I already have a compressor so, if I get an airbrush kit from Machine Mart, and a few Dulux test pots, I'm thinking I could offer my services out to the local lasses.

What do you think?:laughing6:


----------



## ChrisandJohn (Feb 3, 2008)

tugboat said:


> I just happened to see a body painting video on YouTube (came up on my recommended viewing for some reason!) and I thought "I could do that".
> 
> I already have a compressor so, if I get an airbrush kit from Machine Mart, and a few Dulux test pots, I'm thinking I could offer my services out to the local lasses.
> 
> What do you think?:laughing6:


I think you were probably right when you reckoned you're not very successful with women. :laugh:

Chris


----------



## erneboy (Feb 8, 2007)

Go for it. What could possibly go wrong? Do keep us informed I like a good laugh.


----------



## tugboat (Sep 14, 2013)

ChrisandJohn said:


> I think you were probably right when you reckoned you're not very successful with women. :laugh:
> 
> Chris


:surprise: What do you mean? It's not my fault. I keep trying different women, what am I supposed to do? In fac, I'm trying all the time.


----------



## suedew (May 10, 2005)

Tuggers, just promise you wont try it out on Ellie or Sandra

Sue


----------



## tugboat (Sep 14, 2013)

Phwoar, Sandra getting body-painted? I'm having a hot flush just thinking about that.


----------



## vicdicdoc (May 14, 2005)

Buy a BIG tin of paint stripper too . . . (For those area's inadvertently painted . . .


----------



## jo662 (Jul 27, 2010)

You could do it on the sea front at Paignton!:grin2:


----------



## vicdicdoc (May 14, 2005)

jo662 said:


> You could do it on the sea front at Paignton!:grin2:


- or just go round spray painting Paignton . . . Be a 2nd generation Banksy - maybe in a couple of years people will rip down brick walls & keep them with your artwork on just like collecting Picasso's splodges.


----------



## jo662 (Jul 27, 2010)

vicdicdoc said:


> - or just go round spray painting Paignton . . . Be a 2nd generation Banksy - maybe in a couple of years people will rip down brick walls & keep them with your artwork on just like collecting Picasso's splodges.

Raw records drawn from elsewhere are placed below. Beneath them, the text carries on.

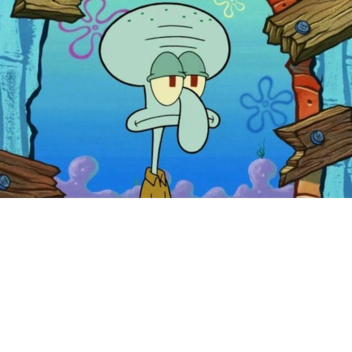 MEMES(New Update!)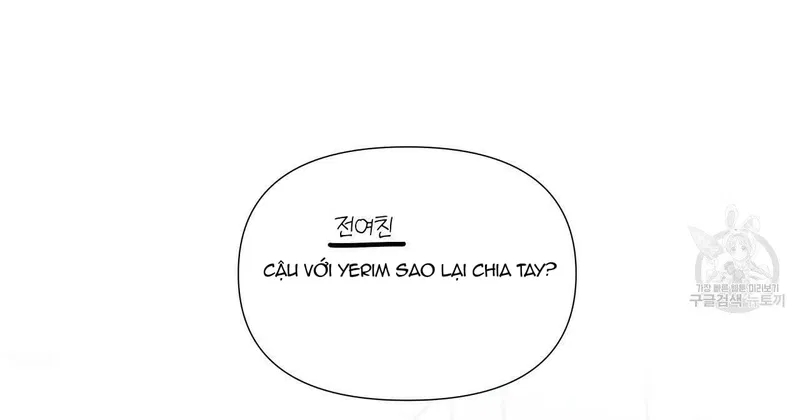 đừng bận tâm, em yêu chapter 15 59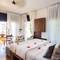 Отель Eraeliya Villas & Gardens, Weligama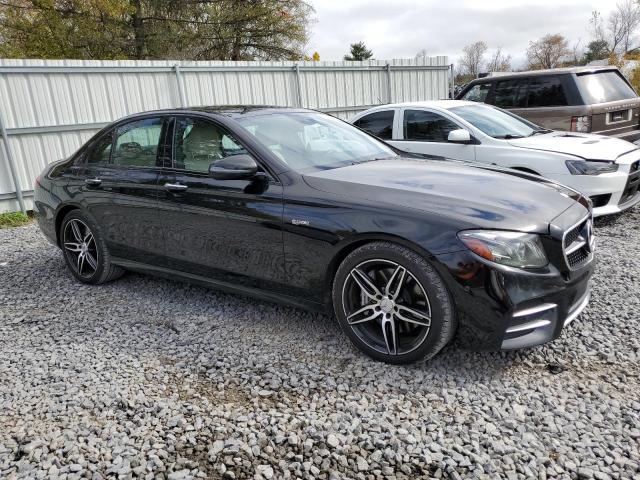 WDDZF6EB0HA223363 Mercedes-Benz E 43 4matic Amg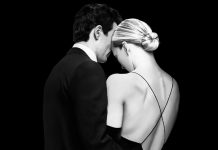 “LOVE STORY” 13 ŞUBAT’TA DISNEY+’TA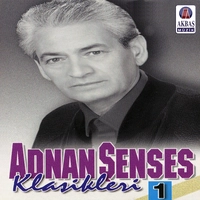 Klasikleri 1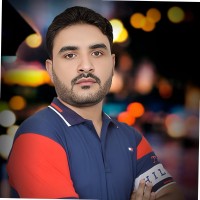 Umer Javed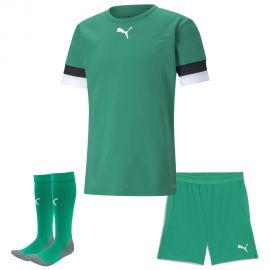 view:front;position:11;concreteColor:571;baseColor:953;colorCombination:1107;colorBlock1:571;colorBlock2:560;colorBlock3:560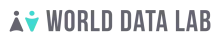 World Data Lab Logo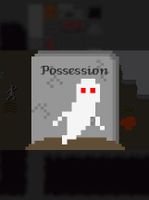 Possession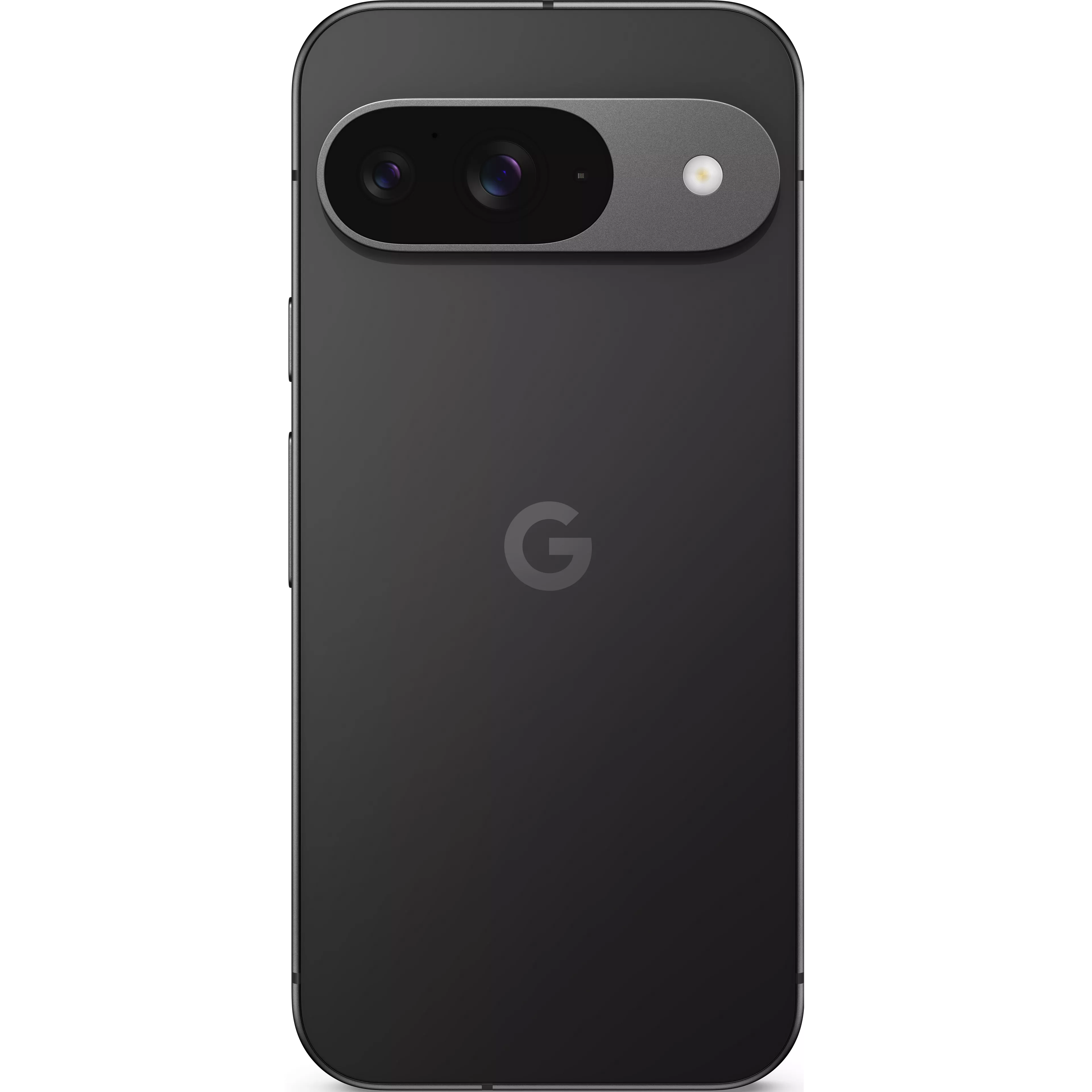 Google Pixel 9 128GB in Obsidian (CPO - Great Condition) image 6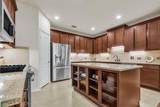 114 Hazy Sunshine Way - Photo 9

Ha Ha Splodges reminds me of this!:grin2:


----------



## nicholsong (May 26, 2009)

Sort of reminds me of the old joke about what to take on Honeymoon - 

'A pot of green paint and a hammer'

If you don't know the joke, don't ask me.:frown2:


----------



## Pudsey_Bear (Sep 25, 2008)

nicholsong said:


> Sort of reminds me of the old joke about what to take on Honeymoon -
> 
> 'A pot of green paint and a hammer'
> 
> If you don't know the joke, don't ask me.:frown2:


I believe that a virgin testing kit is now available:

It comprises two small paint brushes, a pot of red paint, a pot of green paint and a hammer. On the wedding night, the groom paints one testicle red and the other green and then goes to his bride. 
If she shrieks "Cor blimey, I ain't never seen a pair like that", she is obviously not a virgin so you hit her on the head with the hammer!


----------



## suedew (May 10, 2005)

Poor lass might just have been an overworked nurse lol, and i'm almost sure looking at them doesnt make you lose your virginity, it's a bit far back for me to remember.


----------



## tugboat (Sep 14, 2013)

We sailors have to make sure we get red and green the right way round or we'd never live it down.


----------



## Pudsey_Bear (Sep 25, 2008)

tugboat said:


> We sailors have to make sure we get red and green the right way round or we'd never live it down.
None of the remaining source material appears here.